The stove would have to be moved to get at the flooring underneath it. The stove is heavier than most, so it would take two guys to move it, one of whom would be me, but that wasn’t a problem. Moving the stove means turning off the gas to it, which means I wouldn’t be able to cook on it, which would in fact be a problem. But we have another stove in the basement, so the problem would be an inconvenience, not a tragedy.

The refrigerator would also have to be moved and would sit in the middle of the floor for a couple of days. And the water line to it would have to be turned off, but that is fine because I never drink water out of the fridge.

Of course, no water means no ice.

Now it’s a tragedy.

The longest-lasting impact of my 27 years spent living in the south is an apparently unquenchable thirst for iced tea. When I moved to Texas in 1983, my initial approach to the fact that everyone there drinks iced tea for every meal quickly was one of curiosity. But it soon became a wholehearted embrace. To this day, I drink the stuff by the gallon. I’m sure I’ve drunk at least an Olympic-sized swimming pool’s worth of iced tea in the last 30 years.

(Actually, I haven’t. No one has. An Olympic-sized pool holds 660,000 gallons, and at a not-unreasonable rate of a quart a day it would take more than 7,200 years to drain it.)

Still, I drink a lot of it. And being without ice for two days would leave me, at best, sullen and cranky.

It goes without saying that the two-day repair stretched into a seven-day repair, plus an eighth day for some minor modifications and some time in the future when all the nicks and chips in the paint will have to be repainted. That’s just the way it is with house repairs.

Meanwhile, we saved enough ice in the freezer to last a couple of days, and then — we’re no dummies — we bought a bag of ice large enough to satisfy all of my iced tea needs. Not that I was the one who thought to do it.

The stove was actually a bigger problem. We use the one in the basement on occasion, such as when I am baking different things simultaneously for a story. But having to use it every day, when the fridge and the pantry are upstairs, quickly became a hassle. Especially because dirt and dust from the work on the floor above it kept falling on the stove and its environs.

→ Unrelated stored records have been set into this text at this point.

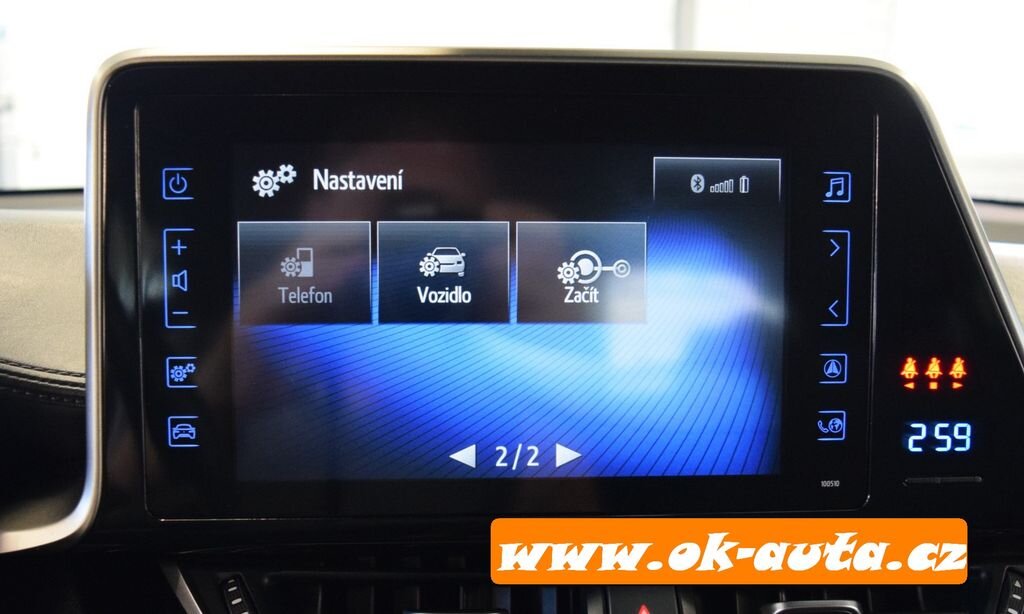 Toyota C-HR Hatchback 1,8 l 0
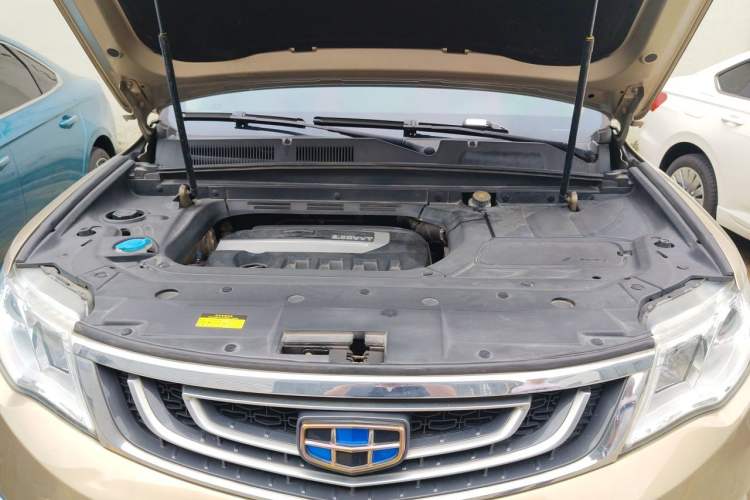 Used Geely Auto Emgrand X7 Sport 2016 2.0L Manual ZhiShang Version Engine Bay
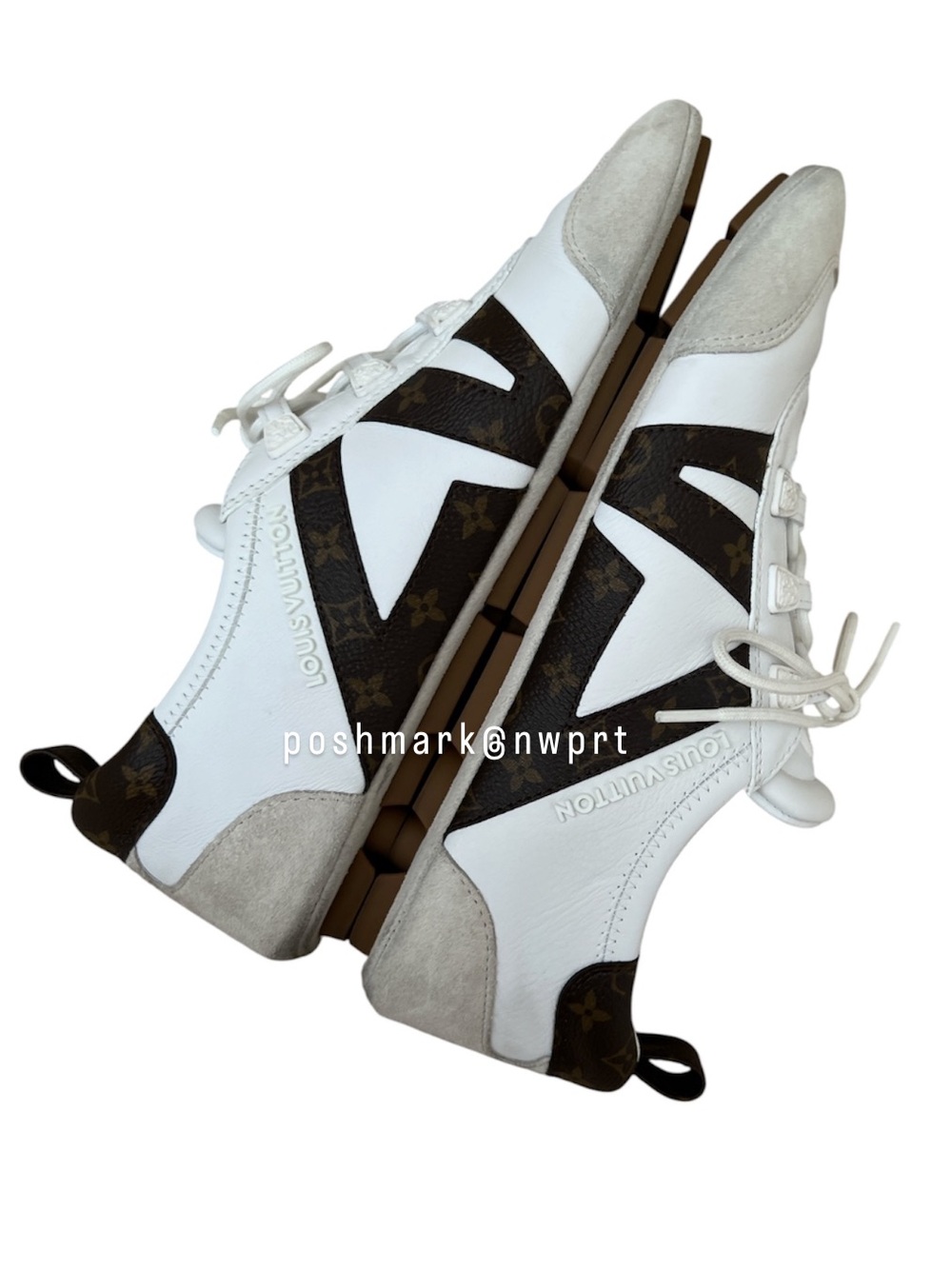 Louis Vuitton 💯 Sneakerina LV Monogram Sneakers White 37 7 Box - Picture 5 of 13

Finally, I got tired of trudging up and down the stairs. And that is when I had my brilliant idea for a food topic to write about: I would (very cleverly) devote a story to making ice cream. Everyone loves ice cream, and because we are in the middle of the summer no one would notice that I really wrote the story because I did not want to use my stove.

Except there is this: Three of the recipes required an oven or a stove (and a fourth used a toaster oven). That meant slogging up and down the stairs anyway, getting the ingredients, making a custard, heating the milk and cream, even making the cookies to accompany one of the ice creams.

I understand that, in the grand scheme of things, these are not the worst problems to have. I fully recognize that these are First-World problems (as opposed to Third-World problems, which tend to be things like cholera, starvation, and political oppression). And although they were inconvenient, they only lasted for a week or so.

I have my stove back. I have my ice back. And because we used the same kind of tiles, the floor looks exactly like it did before.